[Opening Extracted entries section]

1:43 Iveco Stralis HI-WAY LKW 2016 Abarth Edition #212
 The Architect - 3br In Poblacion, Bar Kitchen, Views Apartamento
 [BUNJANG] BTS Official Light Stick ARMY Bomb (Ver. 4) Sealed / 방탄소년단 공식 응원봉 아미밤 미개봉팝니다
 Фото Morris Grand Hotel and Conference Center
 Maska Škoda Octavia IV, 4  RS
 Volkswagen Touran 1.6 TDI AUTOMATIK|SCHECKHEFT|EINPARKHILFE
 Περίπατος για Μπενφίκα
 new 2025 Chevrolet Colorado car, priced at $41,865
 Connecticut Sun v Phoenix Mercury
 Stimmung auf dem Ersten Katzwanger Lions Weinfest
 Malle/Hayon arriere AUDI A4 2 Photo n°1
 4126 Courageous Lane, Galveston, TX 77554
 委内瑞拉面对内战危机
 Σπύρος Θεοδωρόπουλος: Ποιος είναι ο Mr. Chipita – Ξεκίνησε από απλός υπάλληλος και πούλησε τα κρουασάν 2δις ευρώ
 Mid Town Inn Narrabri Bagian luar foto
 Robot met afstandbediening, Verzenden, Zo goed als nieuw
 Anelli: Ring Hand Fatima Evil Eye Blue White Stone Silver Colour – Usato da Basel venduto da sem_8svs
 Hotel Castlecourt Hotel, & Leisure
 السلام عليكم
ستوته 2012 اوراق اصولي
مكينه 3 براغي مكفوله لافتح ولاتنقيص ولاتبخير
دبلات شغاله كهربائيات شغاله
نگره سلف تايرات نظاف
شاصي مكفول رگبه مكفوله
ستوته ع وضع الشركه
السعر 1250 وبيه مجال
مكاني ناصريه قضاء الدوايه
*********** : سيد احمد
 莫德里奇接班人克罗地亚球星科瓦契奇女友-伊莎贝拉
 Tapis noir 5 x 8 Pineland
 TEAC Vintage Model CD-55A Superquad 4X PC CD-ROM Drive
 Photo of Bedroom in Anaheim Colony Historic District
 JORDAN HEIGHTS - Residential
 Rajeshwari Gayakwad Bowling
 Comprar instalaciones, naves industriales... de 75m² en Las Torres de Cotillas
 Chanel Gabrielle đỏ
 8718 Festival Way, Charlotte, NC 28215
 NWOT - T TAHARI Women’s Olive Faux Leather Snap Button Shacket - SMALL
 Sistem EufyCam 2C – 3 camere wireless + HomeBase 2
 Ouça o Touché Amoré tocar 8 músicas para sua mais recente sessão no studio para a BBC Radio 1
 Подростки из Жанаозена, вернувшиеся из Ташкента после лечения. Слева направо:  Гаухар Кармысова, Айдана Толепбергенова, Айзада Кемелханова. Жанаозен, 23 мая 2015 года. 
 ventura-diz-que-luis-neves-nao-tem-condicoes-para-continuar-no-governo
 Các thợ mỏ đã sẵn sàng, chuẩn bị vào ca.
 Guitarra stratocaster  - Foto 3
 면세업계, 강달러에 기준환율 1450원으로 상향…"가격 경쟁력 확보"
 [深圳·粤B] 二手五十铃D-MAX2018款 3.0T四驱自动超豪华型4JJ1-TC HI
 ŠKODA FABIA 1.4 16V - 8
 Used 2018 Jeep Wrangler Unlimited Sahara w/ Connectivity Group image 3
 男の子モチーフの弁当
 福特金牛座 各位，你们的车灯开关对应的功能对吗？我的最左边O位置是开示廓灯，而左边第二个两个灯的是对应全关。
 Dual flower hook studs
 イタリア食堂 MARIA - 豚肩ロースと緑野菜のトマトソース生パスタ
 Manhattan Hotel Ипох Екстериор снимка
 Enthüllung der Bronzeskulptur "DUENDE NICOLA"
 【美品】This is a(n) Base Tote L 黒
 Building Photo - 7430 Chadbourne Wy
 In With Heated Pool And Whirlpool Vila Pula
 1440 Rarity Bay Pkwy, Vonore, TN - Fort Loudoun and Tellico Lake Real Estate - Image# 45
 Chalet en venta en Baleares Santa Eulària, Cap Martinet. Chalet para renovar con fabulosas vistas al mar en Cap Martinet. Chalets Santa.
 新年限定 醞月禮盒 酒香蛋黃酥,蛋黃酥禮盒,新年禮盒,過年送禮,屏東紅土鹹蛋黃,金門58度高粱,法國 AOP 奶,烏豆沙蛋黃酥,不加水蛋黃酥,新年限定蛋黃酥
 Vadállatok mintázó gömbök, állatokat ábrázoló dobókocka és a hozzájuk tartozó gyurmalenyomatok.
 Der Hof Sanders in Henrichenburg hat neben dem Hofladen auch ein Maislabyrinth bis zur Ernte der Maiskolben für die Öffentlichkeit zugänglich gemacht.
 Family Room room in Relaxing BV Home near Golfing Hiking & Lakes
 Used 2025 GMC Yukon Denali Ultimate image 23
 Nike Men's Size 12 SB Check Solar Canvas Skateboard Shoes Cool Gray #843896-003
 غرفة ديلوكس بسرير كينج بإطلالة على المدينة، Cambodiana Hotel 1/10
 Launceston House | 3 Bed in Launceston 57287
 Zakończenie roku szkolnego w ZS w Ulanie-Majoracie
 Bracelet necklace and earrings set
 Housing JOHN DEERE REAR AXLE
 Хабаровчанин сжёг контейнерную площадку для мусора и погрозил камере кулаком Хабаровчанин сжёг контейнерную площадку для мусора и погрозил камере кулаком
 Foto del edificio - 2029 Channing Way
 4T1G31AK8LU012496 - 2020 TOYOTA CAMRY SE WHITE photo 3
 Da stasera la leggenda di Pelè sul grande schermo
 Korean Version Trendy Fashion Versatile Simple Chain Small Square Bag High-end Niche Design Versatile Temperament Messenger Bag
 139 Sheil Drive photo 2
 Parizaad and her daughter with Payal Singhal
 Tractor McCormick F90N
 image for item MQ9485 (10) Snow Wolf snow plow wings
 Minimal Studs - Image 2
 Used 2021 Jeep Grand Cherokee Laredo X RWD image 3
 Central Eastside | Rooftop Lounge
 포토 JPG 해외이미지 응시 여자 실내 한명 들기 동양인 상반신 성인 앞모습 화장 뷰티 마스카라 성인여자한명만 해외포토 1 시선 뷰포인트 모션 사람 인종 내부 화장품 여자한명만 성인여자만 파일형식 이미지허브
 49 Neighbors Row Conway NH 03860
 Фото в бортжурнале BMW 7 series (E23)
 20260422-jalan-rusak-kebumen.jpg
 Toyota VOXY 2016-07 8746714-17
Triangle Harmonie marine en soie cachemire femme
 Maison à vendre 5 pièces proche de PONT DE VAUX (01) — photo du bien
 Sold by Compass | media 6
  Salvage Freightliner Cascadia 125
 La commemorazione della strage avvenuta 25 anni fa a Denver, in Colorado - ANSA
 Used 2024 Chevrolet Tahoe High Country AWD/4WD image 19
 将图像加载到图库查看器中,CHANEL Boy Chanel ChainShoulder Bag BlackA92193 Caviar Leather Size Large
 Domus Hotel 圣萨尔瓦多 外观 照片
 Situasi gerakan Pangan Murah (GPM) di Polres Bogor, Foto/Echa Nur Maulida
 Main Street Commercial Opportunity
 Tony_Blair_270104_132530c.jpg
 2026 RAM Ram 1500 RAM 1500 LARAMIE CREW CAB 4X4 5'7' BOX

[Closing Extracted entries section]

*Problem to solve*.
From the records above, extract every entry exactly as given.

*Response to the exercise*.
1:43 Iveco Stralis HI-WAY LKW 2016 Abarth Edition #212
 The Architect - 3br In Poblacion, Bar Kitchen, Views Apartamento
 [BUNJANG] BTS Official Light Stick ARMY Bomb (Ver. 4) Sealed / 방탄소년단 공식 응원봉 아미밤 미개봉팝니다
 Фото Morris Grand Hotel and Conference Center
 Maska Škoda Octavia IV, 4  RS
 Volkswagen Touran 1.6 TDI AUTOMATIK|SCHECKHEFT|EINPARKHILFE
 Περίπατος για Μπενφίκα
 new 2025 Chevrolet Colorado car, priced at $41,865
 Connecticut Sun v Phoenix Mercury
 Stimmung auf dem Ersten Katzwanger Lions Weinfest
 Malle/Hayon arriere AUDI A4 2 Photo n°1
 4126 Courageous Lane, Galveston, TX 77554
 委内瑞拉面对内战危机
 Σπύρος Θεοδωρόπουλος: Ποιος είναι ο Mr. Chipita – Ξεκίνησε από απλός υπάλληλος και πούλησε τα κρουασάν 2δις ευρώ
 Mid Town Inn Narrabri Bagian luar foto
 Robot met afstandbediening, Verzenden, Zo goed als nieuw
 Anelli: Ring Hand Fatima Evil Eye Blue White Stone Silver Colour – Usato da Basel venduto da sem_8svs
 Hotel Castlecourt Hotel, & Leisure
 السلام عليكم
ستوته 2012 اوراق اصولي
مكينه 3 براغي مكفوله لافتح ولاتنقيص ولاتبخير
دبلات شغاله كهربائيات شغاله
نگره سلف تايرات نظاف
شاصي مكفول رگبه مكفوله
ستوته ع وضع الشركه
السعر 1250 وبيه مجال
مكاني ناصريه قضاء الدوايه
*********** : سيد احمد
 莫德里奇接班人克罗地亚球星科瓦契奇女友-伊莎贝拉
 Tapis noir 5 x 8 Pineland
 TEAC Vintage Model CD-55A Superquad 4X PC CD-ROM Drive
 Photo of Bedroom in Anaheim Colony Historic District
 JORDAN HEIGHTS - Residential
 Rajeshwari Gayakwad Bowling
 Comprar instalaciones, naves industriales... de 75m² en Las Torres de Cotillas
 Chanel Gabrielle đỏ
 8718 Festival Way, Charlotte, NC 28215
 NWOT - T TAHARI Women’s Olive Faux Leather Snap Button Shacket - SMALL
 Sistem EufyCam 2C – 3 camere wireless + HomeBase 2
 Ouça o Touché Amoré tocar 8 músicas para sua mais recente sessão no studio para a BBC Radio 1
 Подростки из Жанаозена, вернувшиеся из Ташкента после лечения. Слева направо:  Гаухар Кармысова, Айдана Толепбергенова, Айзада Кемелханова. Жанаозен, 23 мая 2015 года. 
 ventura-diz-que-luis-neves-nao-tem-condicoes-para-continuar-no-governo
 Các thợ mỏ đã sẵn sàng, chuẩn bị vào ca.
 Guitarra stratocaster  - Foto 3
 면세업계, 강달러에 기준환율 1450원으로 상향…"가격 경쟁력 확보"
 [深圳·粤B] 二手五十铃D-MAX2018款 3.0T四驱自动超豪华型4JJ1-TC HI
 ŠKODA FABIA 1.4 16V - 8
 Used 2018 Jeep Wrangler Unlimited Sahara w/ Connectivity Group image 3
 男の子モチーフの弁当
 福特金牛座 各位，你们的车灯开关对应的功能对吗？我的最左边O位置是开示廓灯，而左边第二个两个灯的是对应全关。
 Dual flower hook studs
 イタリア食堂 MARIA - 豚肩ロースと緑野菜のトマトソース生パスタ
 Manhattan Hotel Ипох Екстериор снимка
 Enthüllung der Bronzeskulptur "DUENDE NICOLA"
 【美品】This is a(n) Base Tote L 黒
 Building Photo - 7430 Chadbourne Wy
 In With Heated Pool And Whirlpool Vila Pula
 1440 Rarity Bay Pkwy, Vonore, TN - Fort Loudoun and Tellico Lake Real Estate - Image# 45
 Chalet en venta en Baleares Santa Eulària, Cap Martinet. Chalet para renovar con fabulosas vistas al mar en Cap Martinet. Chalets Santa.
 新年限定 醞月禮盒 酒香蛋黃酥,蛋黃酥禮盒,新年禮盒,過年送禮,屏東紅土鹹蛋黃,金門58度高粱,法國 AOP 奶,烏豆沙蛋黃酥,不加水蛋黃酥,新年限定蛋黃酥
 Vadállatok mintázó gömbök, állatokat ábrázoló dobókocka és a hozzájuk tartozó gyurmalenyomatok.
 Der Hof Sanders in Henrichenburg hat neben dem Hofladen auch ein Maislabyrinth bis zur Ernte der Maiskolben für die Öffentlichkeit zugänglich gemacht.
 Family Room room in Relaxing BV Home near Golfing Hiking & Lakes
 Used 2025 GMC Yukon Denali Ultimate image 23
 Nike Men's Size 12 SB Check Solar Canvas Skateboard Shoes Cool Gray #843896-003
 غرفة ديلوكس بسرير كينج بإطلالة على المدينة، Cambodiana Hotel 1/10
 Launceston House | 3 Bed in Launceston 57287
 Zakończenie roku szkolnego w ZS w Ulanie-Majoracie
 Bracelet necklace and earrings set
 Housing JOHN DEERE REAR AXLE
 Хабаровчанин сжёг контейнерную площадку для мусора и погрозил камере кулаком Хабаровчанин сжёг контейнерную площадку для мусора и погрозил камере кулаком
 Foto del edificio - 2029 Channing Way
 4T1G31AK8LU012496 - 2020 TOYOTA CAMRY SE WHITE photo 3
 Da stasera la leggenda di Pelè sul grande schermo
 Korean Version Trendy Fashion Versatile Simple Chain Small Square Bag High-end Niche Design Versatile Temperament Messenger Bag
 139 Sheil Drive photo 2
 Parizaad and her daughter with Payal Singhal
 Tractor McCormick F90N
 image for item MQ9485 (10) Snow Wolf snow plow wings
 Minimal Studs - Image 2
 Used 2021 Jeep Grand Cherokee Laredo X RWD image 3
 Central Eastside | Rooftop Lounge
 포토 JPG 해외이미지 응시 여자 실내 한명 들기 동양인 상반신 성인 앞모습 화장 뷰티 마스카라 성인여자한명만 해외포토 1 시선 뷰포인트 모션 사람 인종 내부 화장품 여자한명만 성인여자만 파일형식 이미지허브
 49 Neighbors Row Conway NH 03860
 Фото в бортжурнале BMW 7 series (E23)
 20260422-jalan-rusak-kebumen.jpg
 Toyota VOXY 2016-07 8746714-17
Triangle Harmonie marine en soie cachemire femme
 Maison à vendre 5 pièces proche de PONT DE VAUX (01) — photo du bien
 Sold by Compass | media 6
  Salvage Freightliner Cascadia 125
 La commemorazione della strage avvenuta 25 anni fa a Denver, in Colorado - ANSA
 Used 2024 Chevrolet Tahoe High Country AWD/4WD image 19
 将图像加载到图库查看器中,CHANEL Boy Chanel ChainShoulder Bag BlackA92193 Caviar Leather Size Large
 Domus Hotel 圣萨尔瓦多 外观 照片
 Situasi gerakan Pangan Murah (GPM) di Polres Bogor, Foto/Echa Nur Maulida
 Main Street Commercial Opportunity
 Tony_Blair_270104_132530c.jpg
 2026 RAM Ram 1500 RAM 1500 LARAMIE CREW CAB 4X4 5'7' BOX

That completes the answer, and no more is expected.